MATERIAL PROVIDED START

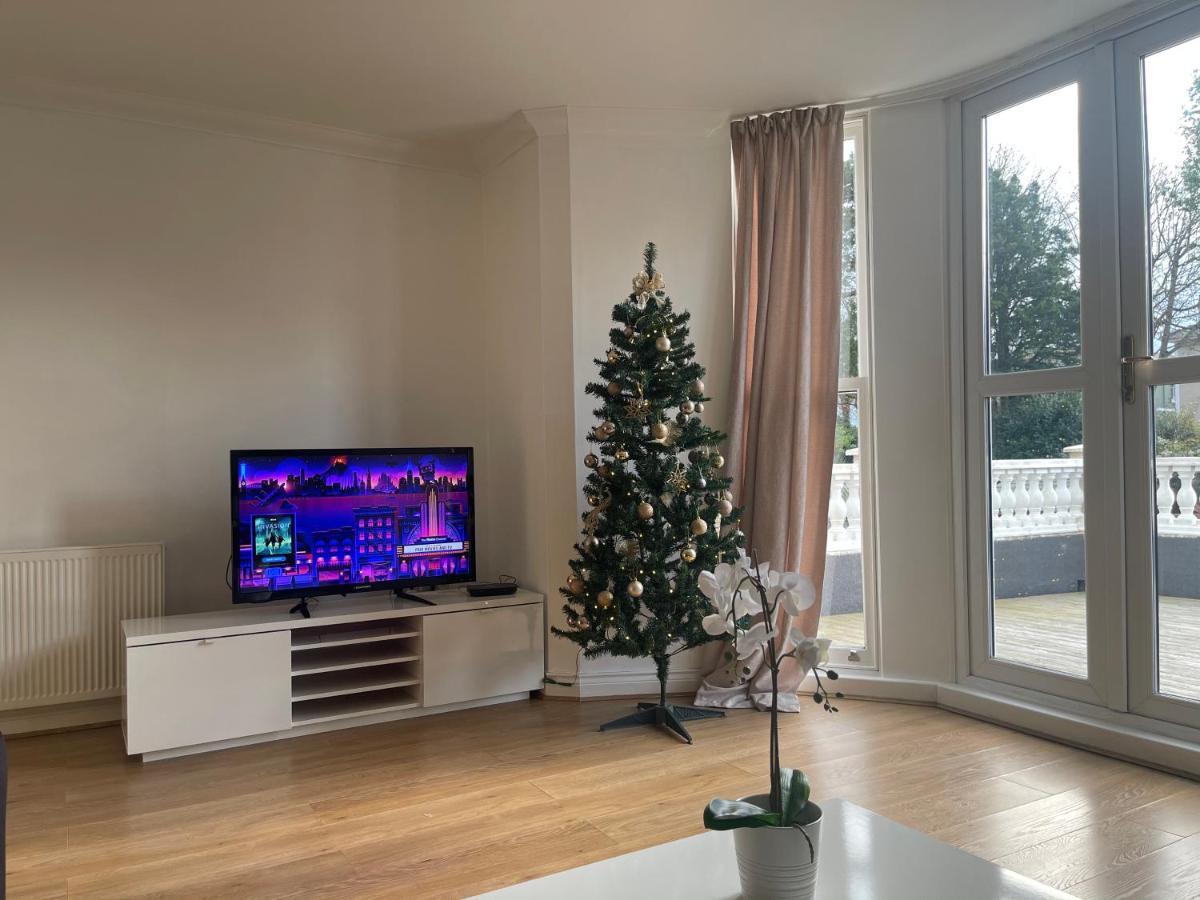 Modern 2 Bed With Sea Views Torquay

MATERIAL PROVIDED END
MATERIAL PROVIDED START

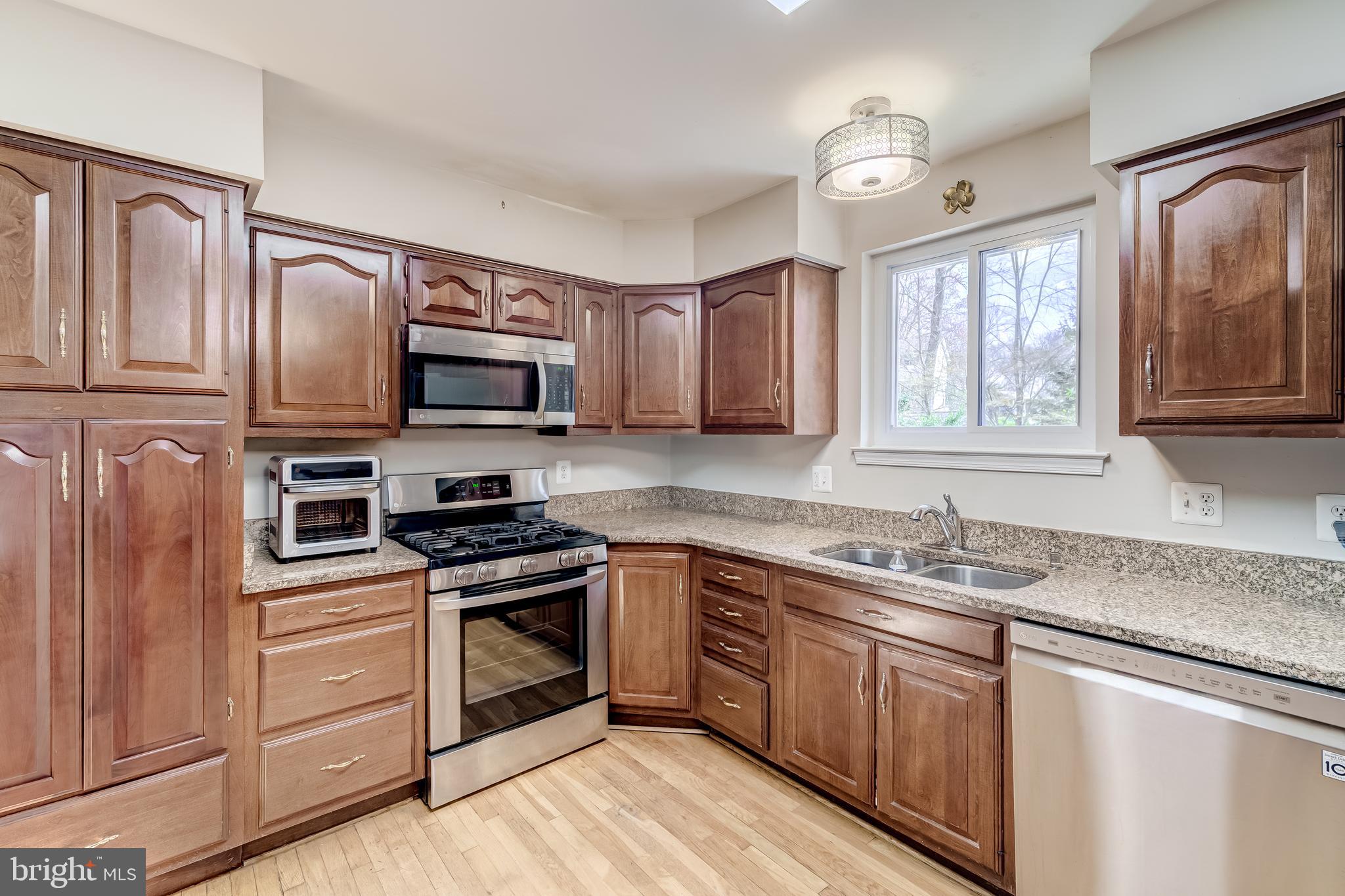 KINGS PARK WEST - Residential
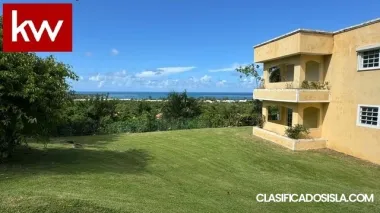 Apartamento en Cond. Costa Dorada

MATERIAL PROVIDED END

#### ACTIVITY:
Would you copy, word for word, only the lines above from the one containing "KINGS PARK WEST - Residential" through the one containing "Apartamento en Cond. Costa Dorada", both included, and please leave out the pictures?

#### ANSWER TO THE EXERCISE:
 KINGS PARK WEST - Residential
 Apartamento en Cond. Costa Dorada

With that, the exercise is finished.